Peter responds with boldness.
Consider with me at what this boldness looks like, because there is a lesson here in what bold faith can look like for each of us too.
bold faith
Don’t miss this detail in the story.
Verse 16 tells us that the discussion between God and Peter in this vision happens three times.
That detail is incredibly significant.
What other conversations had taken place in Peter’s life in a repetition of three?
I can think of a couple.
It was three times that Peter denied knowing Jesus on the night of Christ’s arrest before the crucifixion.
After Jesus rose from the grave, it was three times that Jesus asks Peter, “do you love me?”
In order to reinstate him as an apostle with the instruction, “feed my sheep.”
a vision that reminds Peter of where he has been before
Here’s the point.
This vision that Peter sees not only reminds him of where God is moving next, it is also a vision that reminds Peter of where he has been before.
The scene in which Peter denies Jesus shows us one of the lowest points in Peter’s faith.
In spite of everything we could ever say about a faith that has boldness; the moment of Peter’s denial plainly displays the exact opposite of boldness.
The moment later on when Jesus pulls Peter aside on the lakeshore is a reminder for Peter that his past failure to live up to a bold faith is not held against him.
Peter had a moment on that night in the courtyard of the high priest when he could have stepped up and proclaimed an amazingly bold display of faith if he had only accepted and proclaimed his connection to Jesus.
But Peter failed back there in the worst possible way.
Peter has to confront his past failures and mistakes as part of the process in his steps forward towards boldness
The three-times nature of this vision in Acts would not have been lost upon Peter.
He would have known exactly what God was referencing in his own past by bringing this same conversation in front of Peter three times.
It illustrates something for us.
Peter has to confront his past failures and mistakes as part of the process in his steps forward towards boldness.
confront fears and past failures
That can be true for us too.
In fact, quite often that is true for us.
The thing that holds our faith back from being bold is a fear or a failure that keeps a grip on us.
That is absolutely a part of Peter’s story.
And I think it is a part of all our stories as well.
I didn’t go right from my college years into seminary.
It was quite a few years later that I went and did my seminary education.
Even in moments while living in Kalamazoo when that was repeatedly being placed in front of me, I completely ignored it as best I could.
Among all the reasons I kept holding onto in my mind about why I would not go to seminary, the biggest objection I had was the languages.
A pastoral degree from Calvin Seminary requires learning both Greek and Hebrew.
It wasn’t a laziness that I just didn’t want to put in the work—I was okay with doing the work.
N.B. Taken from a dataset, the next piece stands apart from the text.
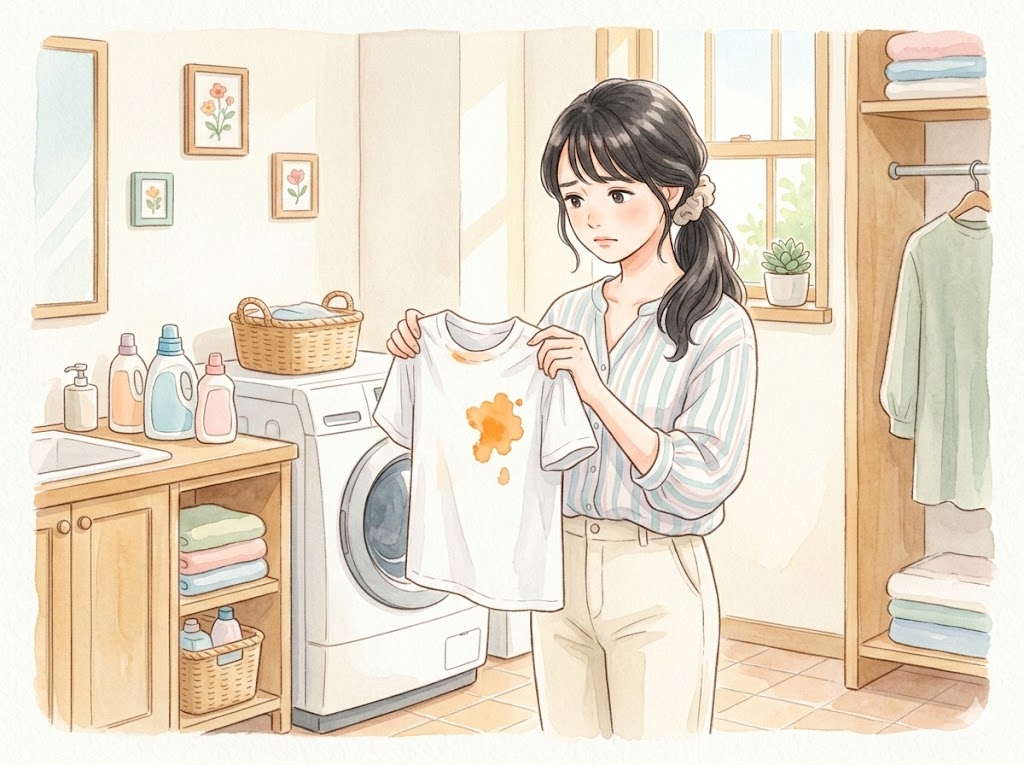 オレンジ色のシミがついた白いシャツを見て困っている女性のイラスト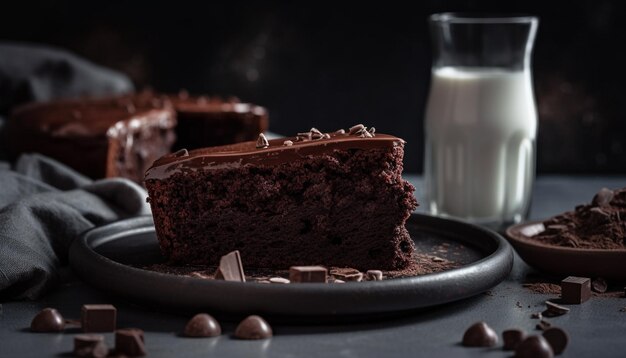 Rafraîchissement au chocolat noir maison en tranches de cacao indulgent généré par l'IA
And it wasn’t a lack of desire that I just didn’t care about biblical languages—I found it fascinated to learn about.
In the end it was about a fear that I couldn’t do it; that I would not be able to learn those languages well enough to pass and get my graduate degree.
It was a fear of failure that kept me away from taking that bold step forward.
have there been moments when fear has held you back?
naming fears and failures out loud helps to begin taking the next step
What about you?
Think for a moment about the opportunities that God has placed in front of you in your life to take a bold step forward.
Have there been moments when fear has held you back?
In this vision that Peter sees from heaven he is reminded of the time when his own fears prompted him to deny Jesus three times.
Fear held him back.
Don’t leave here today without giving some honest thought in your own life about times when there has been a fear that keeps you from taking that next bold step forward in faith.
Can you name it?
Can you put words around it?
Can you call out that fear and name those failures which put a lid on top of your faith and keep it from finding that next bold step.
Peter had to be reminded of it and confront those past fears and failures.
The same thing is true for each of us too.
Name it.
Call it out.
Identify it.
Sometimes just being able to name the fears and the failures and say it out loud gives us what we need to begin taking that next step past it.